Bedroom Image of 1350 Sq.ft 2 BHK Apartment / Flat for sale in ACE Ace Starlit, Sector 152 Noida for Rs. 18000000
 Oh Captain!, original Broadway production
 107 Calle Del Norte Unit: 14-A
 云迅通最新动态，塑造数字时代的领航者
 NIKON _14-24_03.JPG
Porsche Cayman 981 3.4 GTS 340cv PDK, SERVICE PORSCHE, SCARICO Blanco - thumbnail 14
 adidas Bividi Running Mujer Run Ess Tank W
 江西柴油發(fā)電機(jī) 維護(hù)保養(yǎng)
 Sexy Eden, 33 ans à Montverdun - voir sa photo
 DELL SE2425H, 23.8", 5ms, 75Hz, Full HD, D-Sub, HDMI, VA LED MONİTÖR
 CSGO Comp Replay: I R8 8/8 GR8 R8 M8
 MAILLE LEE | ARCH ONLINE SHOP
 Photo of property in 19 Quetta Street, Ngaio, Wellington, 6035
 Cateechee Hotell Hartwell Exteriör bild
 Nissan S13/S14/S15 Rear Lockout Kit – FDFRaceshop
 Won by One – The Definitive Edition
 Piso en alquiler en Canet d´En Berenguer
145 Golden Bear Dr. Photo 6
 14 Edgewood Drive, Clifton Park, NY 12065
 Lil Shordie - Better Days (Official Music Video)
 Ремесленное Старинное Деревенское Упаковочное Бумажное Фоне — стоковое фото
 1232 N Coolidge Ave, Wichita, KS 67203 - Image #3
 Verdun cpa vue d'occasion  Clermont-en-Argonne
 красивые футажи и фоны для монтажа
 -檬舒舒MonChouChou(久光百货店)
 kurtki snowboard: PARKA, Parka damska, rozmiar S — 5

━━━━━━━━━━━━━━━━━━━━━━━━━━━━━━

WORK ITEM
A complete answer reproduces every line of the records in which the word "Image" occurs.

EXERCISE ANSWER
Bedroom Image of 1350 Sq.ft 2 BHK Apartment / Flat for sale in ACE Ace Starlit, Sector 152 Noida for Rs. 18000000
 1232 N Coolidge Ave, Wichita, KS 67203 - Image #3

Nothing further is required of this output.